[MATERIAL FOR THE TASK]

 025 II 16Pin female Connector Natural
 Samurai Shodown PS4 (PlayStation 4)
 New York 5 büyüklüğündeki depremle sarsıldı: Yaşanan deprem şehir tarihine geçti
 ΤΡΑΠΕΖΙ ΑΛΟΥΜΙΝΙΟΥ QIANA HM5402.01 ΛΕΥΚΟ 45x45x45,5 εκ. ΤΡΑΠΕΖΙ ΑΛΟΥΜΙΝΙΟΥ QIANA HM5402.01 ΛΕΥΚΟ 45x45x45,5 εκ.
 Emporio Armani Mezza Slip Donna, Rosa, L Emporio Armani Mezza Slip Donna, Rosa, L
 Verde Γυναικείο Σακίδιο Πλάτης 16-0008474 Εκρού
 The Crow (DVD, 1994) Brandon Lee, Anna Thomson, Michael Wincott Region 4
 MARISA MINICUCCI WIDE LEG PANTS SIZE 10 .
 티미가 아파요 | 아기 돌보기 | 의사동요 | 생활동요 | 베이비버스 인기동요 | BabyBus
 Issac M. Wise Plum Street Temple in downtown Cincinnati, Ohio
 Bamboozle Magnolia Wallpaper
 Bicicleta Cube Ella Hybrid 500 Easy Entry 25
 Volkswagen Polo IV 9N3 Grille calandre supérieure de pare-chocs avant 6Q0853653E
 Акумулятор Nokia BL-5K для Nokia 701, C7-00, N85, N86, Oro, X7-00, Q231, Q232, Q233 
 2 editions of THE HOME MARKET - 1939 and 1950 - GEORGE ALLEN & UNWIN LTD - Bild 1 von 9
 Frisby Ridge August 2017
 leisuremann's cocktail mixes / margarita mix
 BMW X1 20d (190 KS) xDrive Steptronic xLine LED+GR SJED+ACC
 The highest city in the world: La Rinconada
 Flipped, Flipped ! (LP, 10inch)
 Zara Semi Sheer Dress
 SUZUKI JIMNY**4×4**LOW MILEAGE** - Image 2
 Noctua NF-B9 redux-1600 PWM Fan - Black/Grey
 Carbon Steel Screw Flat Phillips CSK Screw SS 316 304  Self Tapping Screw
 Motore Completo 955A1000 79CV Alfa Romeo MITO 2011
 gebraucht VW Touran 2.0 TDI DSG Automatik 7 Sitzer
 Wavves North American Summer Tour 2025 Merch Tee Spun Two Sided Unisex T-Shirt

[/MATERIAL FOR THE TASK]

*TASK ITEM*.
Starting with the line above that holds "MARISA MINICUCCI WIDE LEG PANTS SIZE 10 ." and stopping with the line that holds "Bicicleta Cube Ella Hybrid 500 Easy Entry 25", reproduce each line exactly, omitting all other lines.

*COMPLETED EXERCISE*.
 MARISA MINICUCCI WIDE LEG PANTS SIZE 10 .
 티미가 아파요 | 아기 돌보기 | 의사동요 | 생활동요 | 베이비버스 인기동요 | BabyBus
 Issac M. Wise Plum Street Temple in downtown Cincinnati, Ohio
 Bamboozle Magnolia Wallpaper
 Bicicleta Cube Ella Hybrid 500 Easy Entry 25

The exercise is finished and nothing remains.